Créditos: Edivan Guajajara/Wikimedia Commons

“Pensei que não poderia deixar essa oportunidade passar, e mergulhei de cabeça no projeto do “Somos Guardiões”, porque eu estava ali para contar essa história dos Guardiões da Floresta e pude levar ao mundo a luta diária deles”, declara o filmmaker que foi convidado para ser diretor do longa após acompanhar a equipe de filmagem na época. Além de ingressar no cinema e na fotografia, Edivan ressalta a fundação de um canal de comunicação voltado para os povos indígenas como essencial, que hoje já soma quase 200 mil seguidores nas redes sociais. “Faço parte do coletivo Mídia Indígena, que se tornou referência em produção de notícias e questões indígenas de várias regiões do Brasil.”

As filmagens estavam quase finalizadas quando a pandemia atingiu o Brasil. Por questões de segurança, a equipe do longa retornou aos Estados Unidos. Para garantir a continuidade da produção e evitar que o filme ficasse incompleto, Edivan Guajajara também assumiu a responsabilidade de concluir as filmagens, além de ajudar na tradução.

'Mostrar que é possível'

Guajajara destaca a importância de seu trabalho para as futuras gerações indígenas. ”É uma chance de mostrar o quanto somos capazes de produzir um filme, o quanto somos capazes de produzir música e o quanto somos capazes de fazer belas fotografias. Nós indígenas sempre estivemos aqui, mas nós sempre estivemos atrás das câmeras, sem visibilidade. Hoje como primeiro indígena a ter uma produção de documentário na Netflix, quero dizer que nós quebramos barreiras.”

“Pensando em todo o contexto da minha trajetória no audiovisual, na fotografia e nos movimentos indígenas, percebo hoje o audiovisual como uma ferramenta de luta para as comunidades indígenas, é uma forma de nós reivindicamos os nossos direitos, mostrarmos nossas dores, seja através do cinema, através do audiovisual ou através da comunicação indígena, porque indígena faz filme e indígena faz cinema. Eu tenho certeza que não é só o primeiro filme que estou fazendo.”

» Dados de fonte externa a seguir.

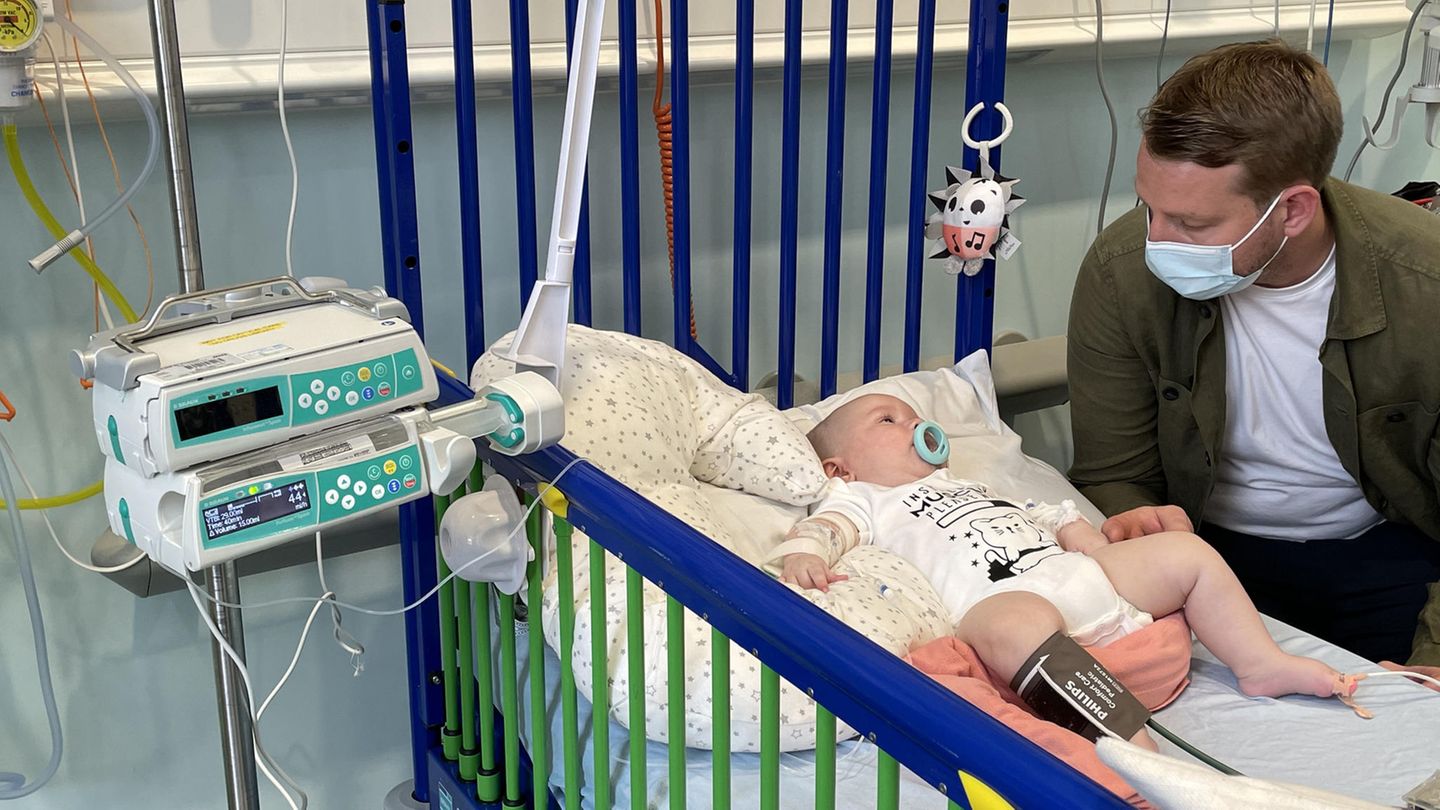 Arthur liegt in einem Krankenhausbett, sein Vater sitzt daneben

Diversidade, alcance e transformação

O documentário carrega algumas singularidades, entre elas a participação do produtor vencedor do Oscar e integrante do elenco da série Succession, Fisher Stevens, que já está trabalhando com Edivan na produção de futuros longas. “Tenho falado e escrito com o Fischer. Virão muitos projetos futuros por aí”, revela o diretor. 

A ativista Puyr Tembé, cuja história é retratada no filme, agora ocupa o cargo de Secretária de Estado dos Povos Indígenas do Pará. Outra curiosidade é que além dos sons naturais da floresta, durante as filmagens foi possível escutar português, inglês e tupi, devido à diversidade da equipe, composta por profissionais originários de diferentes povos e países.

A produção também foi responsável por unir dois cineastas que não se conheciam, como Rob e Chelsea, que empreenderam jornadas à Amazônia em 2019, movidos pelo desejo de investigar os incêndios que se tornaram assunto global. Foi o produtor Gabriel Uchida, do filme The Territory, que recentemente venceu o Grammy, quem os uniu. Mais tarde os dois se tornaram parceiros na produção de Somos Guardiões. Ao todo, a equipe do filme conduziu oito missões com os Guardiões, algumas delas duraram vários dias, envolvendo trabalho árduo, viagens de barco, caminhadas e noites na floresta.